Afrique-Chine: perspectives à mitiger
A l'heure du 7ème Forum sur la Coopération Sino-africaine débuté le 03 septembre 2018, Pékin est sous les projecteurs et suscite toutes sortes d'analyses qui s'accordent pour l'essentiel, à faire l'éloge de cette rencontre louable pour les pays africains et leur partenaire chinois.
Faut-il pour autant, se laisser porter par cette vague d'euphorie collective sur le devenir des rapports entre le continent africain et la Chine? Le bilan partiel de ce forum affiche d'importantes intentions (plusieurs contrats signés, prêts importants, etc.) qui confirment des rapports prometteurs basés sur une coopération fructueuse et des acquis diplomatiques. Qu'en est-il réellement? Le continent ne s'enfonce-t-il pas inéluctablement dans une dette colossale vis à vis de Pékin, qui est d'ailleurs l'un de ses principaux créanciers (140 milliards de dollars depuis l'année 2000)?

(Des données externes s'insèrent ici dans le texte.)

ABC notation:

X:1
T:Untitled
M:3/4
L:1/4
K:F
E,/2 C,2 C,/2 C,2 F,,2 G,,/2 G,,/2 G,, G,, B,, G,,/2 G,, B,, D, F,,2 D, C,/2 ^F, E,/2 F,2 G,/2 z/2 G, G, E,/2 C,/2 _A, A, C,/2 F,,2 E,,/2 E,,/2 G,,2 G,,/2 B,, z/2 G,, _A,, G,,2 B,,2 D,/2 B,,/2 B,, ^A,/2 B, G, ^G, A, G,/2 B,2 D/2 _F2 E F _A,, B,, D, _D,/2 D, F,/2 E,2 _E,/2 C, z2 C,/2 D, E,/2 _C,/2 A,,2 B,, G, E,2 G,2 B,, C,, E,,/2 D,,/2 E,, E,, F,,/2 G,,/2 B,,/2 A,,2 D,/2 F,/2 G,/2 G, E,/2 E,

Comme le disait John Adams, premier Vice-Président des Etats-Unis, " Il y a deux manières de conquérir et d'asservir une nation, l'une est par les armes, l'autre est par la dette". Le constat est édifiant, les pays africains sont constamment en quête de financements pour leur développement. La Chine l'a si bien compris, qu'elle a fait de cette réalité de "dette et d'investissements", un instrument d'influence diplomatique et économique. Le continent est-il asservi par sa dette comme il l'a été à un moment par les armes? L'Afrique a connu la colonisation et le néocolonialisme, la Chine avec cette hégémonie assumée, décomplexée, n'est-elle pas sur la voie de la "Françafrique" dans sa dimension économique et d'influence politique? Sans aucun doute, la Chine confirme son influence politique et économique sur le continent avec la création de sa base militaire à Djibouti. En effet, les "grandes nations" dignes de ce nom, disposent d'une base militaire sur le continent africain, pour mieux sécuriser leurs investissements mais surtout comme attribut de leur puissance. L'instrument militaire sert toujours les intérêts économiques.

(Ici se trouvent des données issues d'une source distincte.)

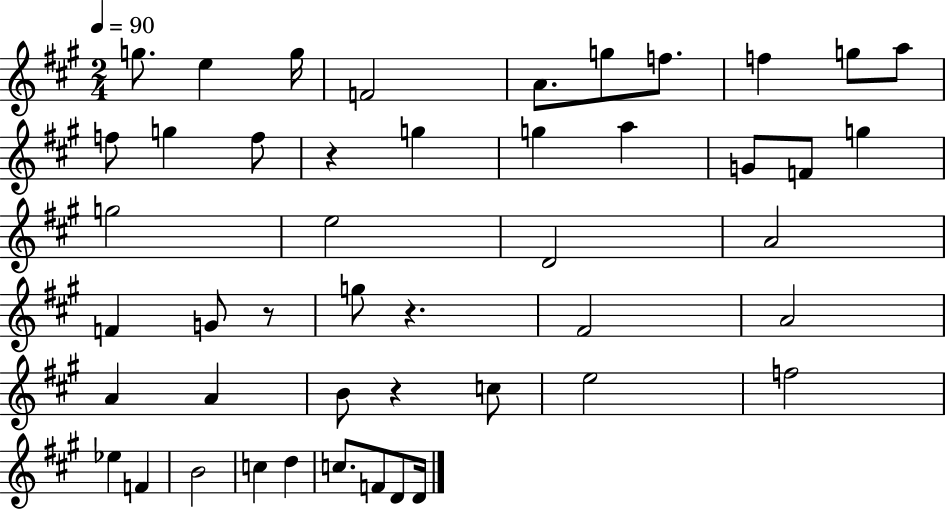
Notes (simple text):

G5/e. E5/q G5/s F4/h A4/e. G5/e F5/e. F5/q G5/e A5/e F5/e G5/q F5/e R/q G5/q G5/q A5/q G4/e F4/e G5/q G5/h E5/h D4/h A4/h F4/q G4/e R/e G5/e R/q. F#4/h A4/h A4/q A4/q B4/e R/q C5/e E5/h F5/h Eb5/q F4/q B4/h C5/q D5/q C5/e. F4/e D4/e D4/s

En outre, Pékin n'a plus de preuves à faire en matière de stratégie d'expansion politique et de conquête de marchés. Les pays africains préfèrent les conditions de prêts chinois à ceux des bailleurs classiques car beaucoup plus attractives et moins contraignantes. Le partenaire chinois, stratège confirmé, s'adapte à la réalité africaine et demeure diplomate en ménageant ses rapports. D'ailleurs la multiplication des prêts et la construction d'infrastructures majeures témoignent de cette réalité et rendre ainsi l'aide chinoise au développement plus attractive, pour preuve les 60 milliards de dollars d'aide promis par Pékin et "sans conditions" lors de ce forum.

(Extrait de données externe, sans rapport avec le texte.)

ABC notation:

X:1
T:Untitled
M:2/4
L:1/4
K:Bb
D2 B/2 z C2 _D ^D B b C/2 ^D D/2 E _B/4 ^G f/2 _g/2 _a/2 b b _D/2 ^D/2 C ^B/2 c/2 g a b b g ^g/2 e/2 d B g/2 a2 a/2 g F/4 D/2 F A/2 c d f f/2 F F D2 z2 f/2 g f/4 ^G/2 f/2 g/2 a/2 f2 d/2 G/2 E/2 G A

Enfin, face à cette coopération sino-africaine considérée par certains, comme "gagnant-gagnant", nous recommandons ce qui suit: 1/ Au niveau militaire, que la coopération soit davantage dans l'assistance technique à l'instar des pays occidentaux. Les ventes d'armes et autres sont certes pertinentes, mais ne devraient pas occulter le nécessaire transfert de compétence; 2/ Au niveau culturel, Pékin affirme sa présence en territoire étranger en créant des centres culturels pour, notamment poursuivre son expansion linguistique. Ceci devrait davantage faire l'objet de partenariats dans le cadre d'échanges universitaires; 3/ Au niveau économique et financier, les pays africains devraient régulièrement évaluer l'aide chinoise et son impact sur leur développement en comparaison à d'autres partenaires économiques. Une lecture moins passionnée des échanges avec Pékin s'impose. Sur la question financière, il est urgent que la situation de surendettement s'estompe pour inscrire le développement dans la durée. 4/ Pour terminer, au niveau politique, il serait souhaitable que Pékin créé un "conseil pour l'Afrique", constitué d'éminentes personnalités africaines reconnues pour leur influence et leur expertise dans divers domaines d'intérêt pour la Chine, afin de mieux orienter son aide à l'endroit du continent. Rien ne vaut une lecture locale à une problématique locale.